McCrory’s Seebeck 87 Limited finally completed their takeover of the club on Thursday, buying up a 99 per cent stake in Town from former majority shareholder Andrew Black, and the new board was formally unveiled to the media at a press conference at the County Ground yesterday.
Though it was McCrory’s cash which acquired the club initially, he told the Advertiser that two private investors would help to bankroll the continued development of the Wiltshire outfit and that they have a financial clout roughly equating to the budget under Black.
Swindon’s estimated monthly wage bill during the last 12 months of the Betfair co-founder’s tenure was £250,000, while almost £500,000 was spent on agents’ fees in 2011/12. Paolo Di Canio was understood to have been handed a £4.5million warchest this season.
“It’s significant funds to put it politely,” he said before, when asked if the kitty was of a similar size to recent years, adding: “Yes to be fair, yes it is but not to be spent naively or through false promises and it’s about managing it and one’s expectations, calming down the big drive of this ‘we’re going to get a new stadium’.
“You’ve just got to be realistic. You’ve got to calm everybody down a little bit and say ‘hang on a minute, let’s go one thing at a time’.
“The first thing is settling down the team, getting that commitment from the lads to take the club forward which is what I believe we’ve got. It’s also about making the balance right so it’s sustainable going forward in winning and aiming towards promotion.”

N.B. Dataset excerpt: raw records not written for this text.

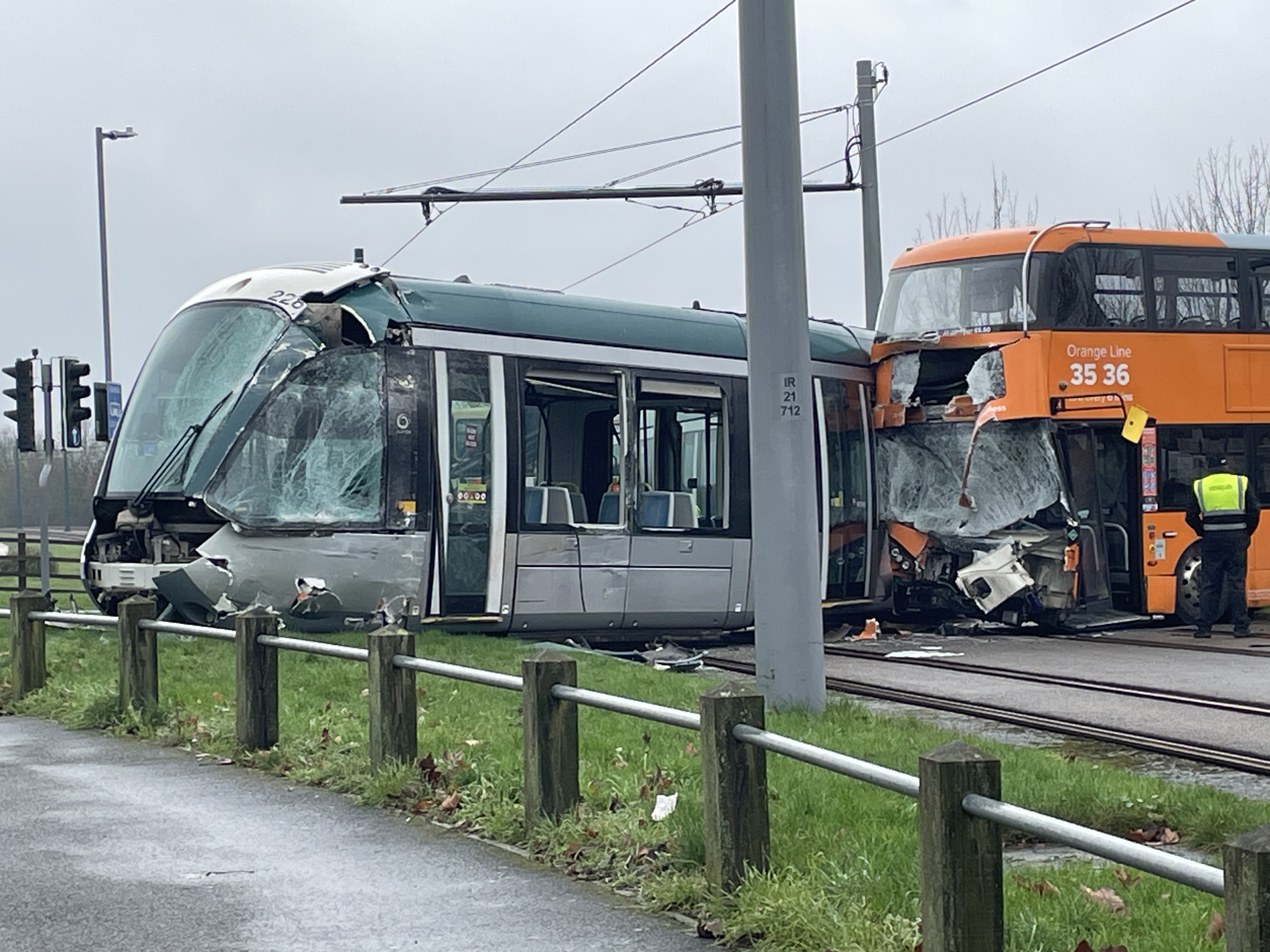 Bus and tram crash in Nottingham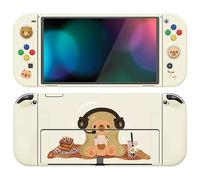 playvital Cover Custodia per Nintendo Switch OLED,Copertura Morbida TPU Protezione per Joycon Console con Copri Analogici/Tasti (ZealProtect) - Orso Giocatore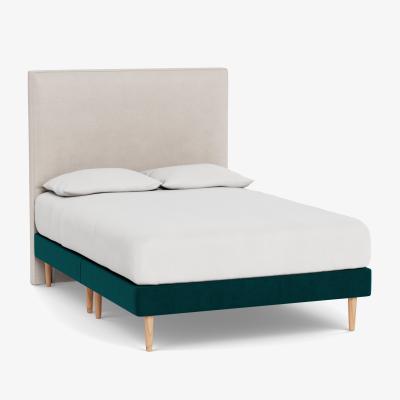 Heal's Heal's Shallow Divan Double Smart Luxe Velvet Ocean Light Turned Solid Wood - Heal's UK Bedroom Furniture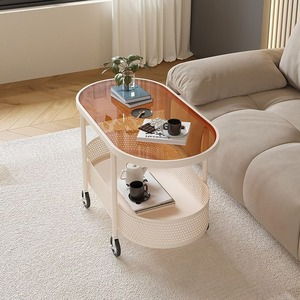 Table basse moderne, table de chevet, cadre en métal, pieds en métal, plateau en bois/verre, étagères peintes, roulettes en caoutchouc, meubles de maison - Product Image 2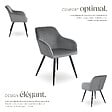 TECTAKE - Ensemble de 2 chaises cuir synthétique aspect velours gris/noir - vignette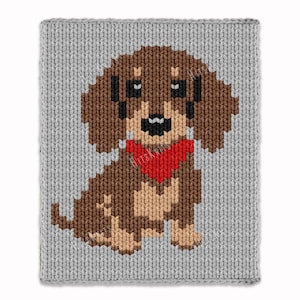 Dachshund Finger Knitting Pattern PDF, Puppy Dog Knit Kids Blanket, Bulky Jumbo 7 yarn super chunky crib throw lap afghan toddler child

McCrory would not disclose the identity of the investors but described them as “football fans”.
The man whose cash injection helped revitalise Banbury United over the summer stressed how delighted he was to get the deal over the line after a whirlwind process came to a head last week.
It took McCrory & Co around five weeks to complete what would normally require several months of negotiation and due diligence – a pace necessary in order for the club to avoid the very real threat of insolvency.
“Having seen Luton go through a similar situation before I thought, from a football fan’s eyes, if I could help a member of the football family I would.
“I agreed to purchase the club with my personal money and also had fantastic discussions with private investors, football fans who had seen the model. They know the drive I have to take things forward and they supported me.
“I didn’t want to be the figurehead, I never want to be a figurehead, I didn’t want to be in the papers, I didn’t want to be in the pictures, I just wanted to help put a football club together.
“Then the news broke and the investors then said they would keep going if I would front it and everyone else had decided that I was fronting it before I decided I was fronting it. We felt that it was important from a football fan point of view to keep it that way.
“I know everyone is moaning about the time it was taking but for me I can tell you it felt like a week. The Football League were impeccable. The speed they moved this deal was incredible to make this happen.”
Having been constrained by the terms of a non-disclosure agreement during the weeks before the sale of the club was formally ratified by the Football League, McCrory is happy to be able to talk openly and honestly about the future.
“To be under an NDA and to be a human punchbag and not being able to talk was extremely frustrating but I think I’ve held my end of the bargain up,” he said. “I think I was one of the few people who didn’t talk.”